I'm not the author of this section but I've taken a quick look at the code
and in line comments and have some observations which I think might help
explain it.

I notice it writes into temporary files and uses a HashMap<DestinationT,
Writer> for maintaining a pool of writers for each destination. I presume
that you are receiving a new instance of the DestinationT object on each
call and therefore the HashMap will be treating these as separate entries -
a new writer is created for each entry in the hashMap..  The method
responsible for providing the DestinationT is the following from the
FileBasedSink which does document the expectation:

/**
 * Returns an object that represents at a high level the destination
being written to.
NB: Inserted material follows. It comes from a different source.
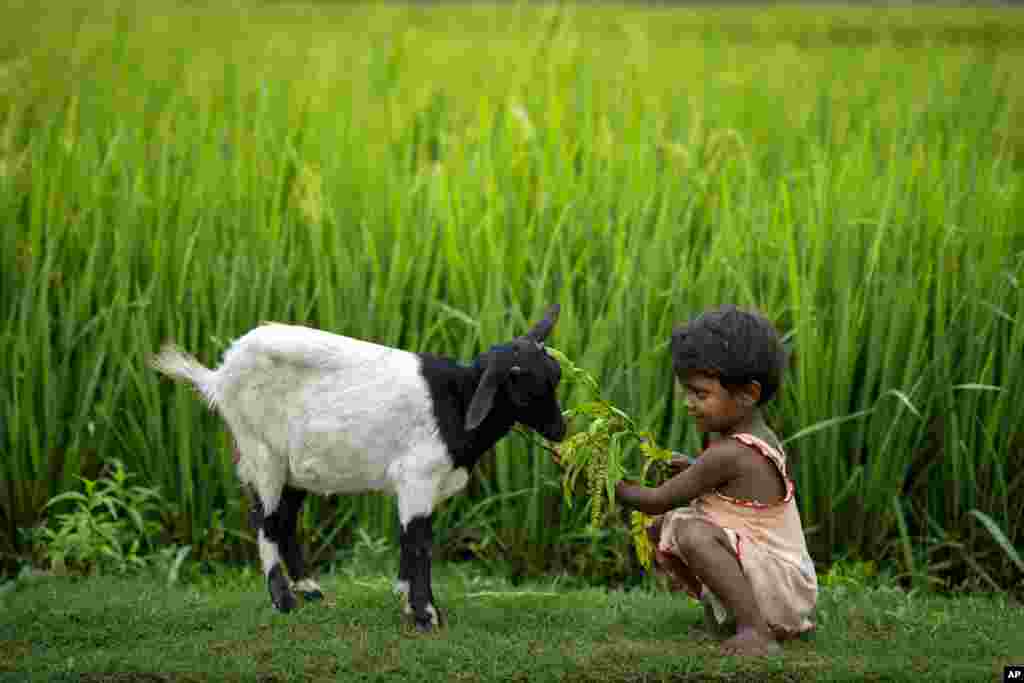 A nomadic girl feeds a goat on the outskirts of Gauhati, India, April 30, 2022.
May not
 * return null. A destination must have deterministic hash and
equality methods defined.
 */
public abstract DestinationT getDestination(UserT element);


Beyond that I notice that it also relies on using the a hashCode from the
serialised object (i.e. after running through the coder) which you note
too. The inline doc explains the reasoning for that which is because
hashCode is not guaranteed to be stable across machines. When elements are
processed on different machines we need deterministic behaviour to direct
to the correct target shard. To do that the code opts to use a murmur3_32
algorithm which is safe across machines (Today I learnt!) and it operates
on the encoded bytes for the object which are to be deterministic.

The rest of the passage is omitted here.